Interviews
Return to the Sea: An interview with Motoi Yamamoto
Despite our best efforts, memories eventually fade away. For centuries, people have created memorials sites, and used objects and images to honor and preserve the remembrance of those that have passed. These sites are often designed to document existence, while inevitably underscoring absence.
For over a decade now, Japanese artist Motoi Yamamoto has been engaging with his memories through the physical act of creation. Building large scale installations by hand and out of salt, Motoi brings form to the immaterial, actively wrestling with memories that are in a constant state of flux. Just as memories are unfixed and transient, Motoi’s installations are equally unstable and temporary. Motoi transforms salt into intricate and laborious installations, which are eventually swept up and returned to the sea. DailyServing’s founder, Seth Curcio, had the opportunity to speak with Motoi about the cultural implications of salt, the immaterial qualities of death, and the forms best suited to articulate loss.
The following interview was translated with the generous assistance of Miyako Fujiwara.

Image Courtesy of Motoi Yamamoto and the Halsey Institute of Contemporary Art
Seth Curcio: For nearly two decades, you have made intricate, yet temporary, installations using salt as your primary medium. I know that salt is a very important substance in Japan–as it is in many cultures–used in funerals, to ward off evil, as an offering, and as basic support for life. However, I understand that there was a very personal experience that brought you to this material. Can you tell me what led you to use salt and how it initially took form within your practice?
Motoi Yamamoto: I use salt because in Japan salt is used at funerals. My sister passed away from brain cancer 17 years ago. In order to overcome her death, I made pieces by picking up each event one by one, related to the theme that a person is going to die. I started thinking that I would like to make an artwork based on funerals. And, I realized that in Japan we use salt at funerals, and this is why I began using salt for my art. The history of salt in Japan, how we use it, and the meaning of it, were all very suitable to my concepts. Also, I liked the color of salt very much. At the beginning, I baked it into the shape of bricks, and then piled them up to build a sculpture of a bed. Later, I made a three dimensional piece which was based on the complicated shape of a brain.

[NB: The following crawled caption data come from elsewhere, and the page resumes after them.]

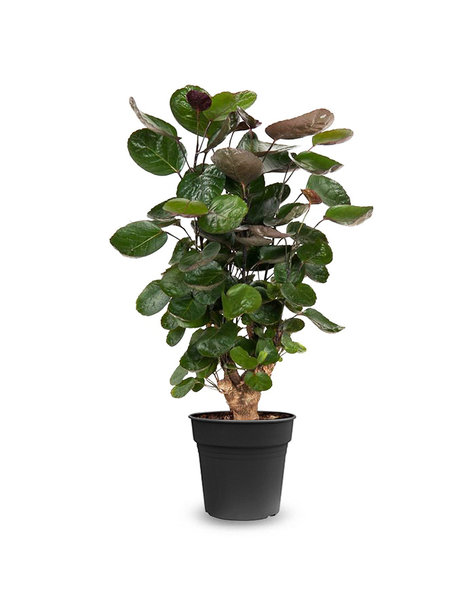 Polyscias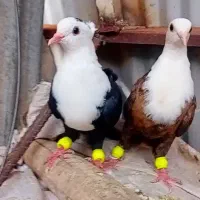 دوعدد کبوتر کلاغ‌کربلایی کله‌سفید عروسک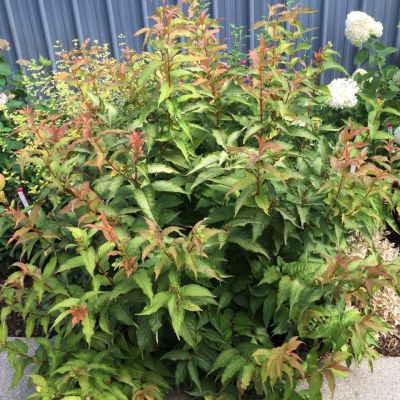 Диервилла блестящая Диервилла блестящая - Dolina-Sad.Ru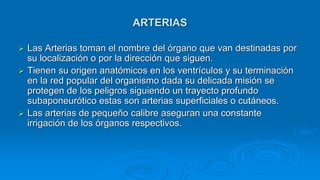  Las Arterias toman el nombre del órgano que van destinadas por
su localización o por la dirección que siguen.
 Tienen su origen anatómicos en los ventrículos y su terminación
en la red popular del organismo dada su delicada misión se
protegen de los peligros siguiendo un trayecto profundo
subaponeurótico estas son arterias superficiales o cutáneos.
 Las arterias de pequeño calibre aseguran una constante
irrigación de los órganos respectivos.
ARTERIAS
 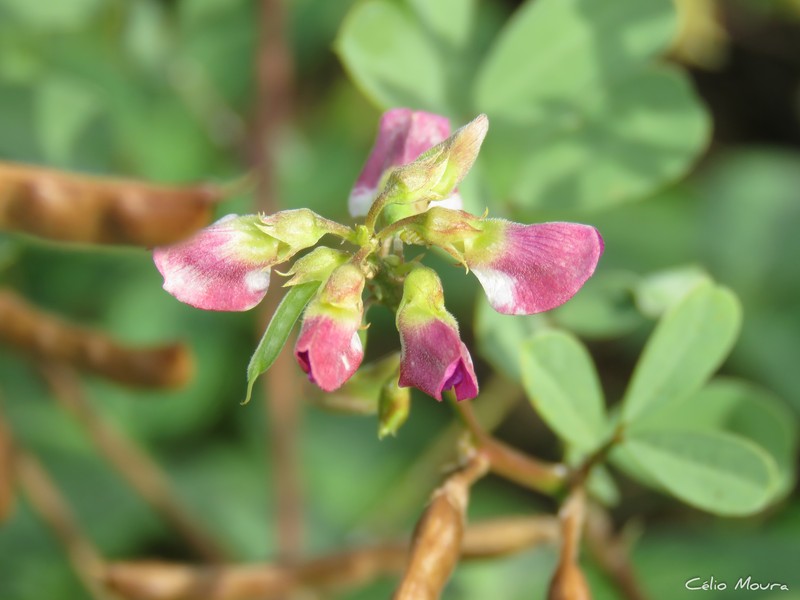 Tephrosia purpurea subsp. purpurea photo 4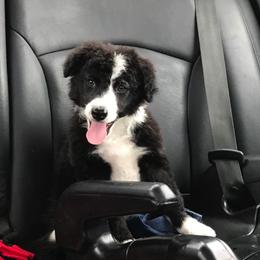 Border Collie Puppies from Ferguson Border Collies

SC: Coping with death can be very difficult for many people. It can be equally challenging to convey emotions caused by loss. Yet, you have developed an acute visual language that allows you to simultaneously address your personal dealings of loss, while also giving form to the universal sentiment of mourning. Has the process of creating these works changed your feelings of death? How it altered your thoughts on loss and the process of mourning?
Motoi Yamamoto: I can’t tell if my feelings of death have been changed by the passage of time or by the process of creating my work. I don’t have any way to compare to the two alternatives because I’ve only experienced this through my work, not through a more conventional mourning process. I would like to think that it altered my thoughts on loss gradually, but I don’t know.

Image Courtesy of Motoi Yamamoto and the Halsey Institute of Contemporary Art
SC:I’m fascinated by the connection between the ephemeral nature of your work and the fleeting quality of memories. It seems that just as a memory can never be fully permanent, neither can your installations. They’re both present for mere moments in time before slipping away. In a quote you mentioned, “What I look for in the end of the act of drawing could be a feeling of touching a precious memory.” Do you feel that your work is an action to preserve a memory, even though the nature of the work is temporary?
MY: I would say my work is not an action to preserve a memory, but rather a way to try and recall all the memories as much as I can.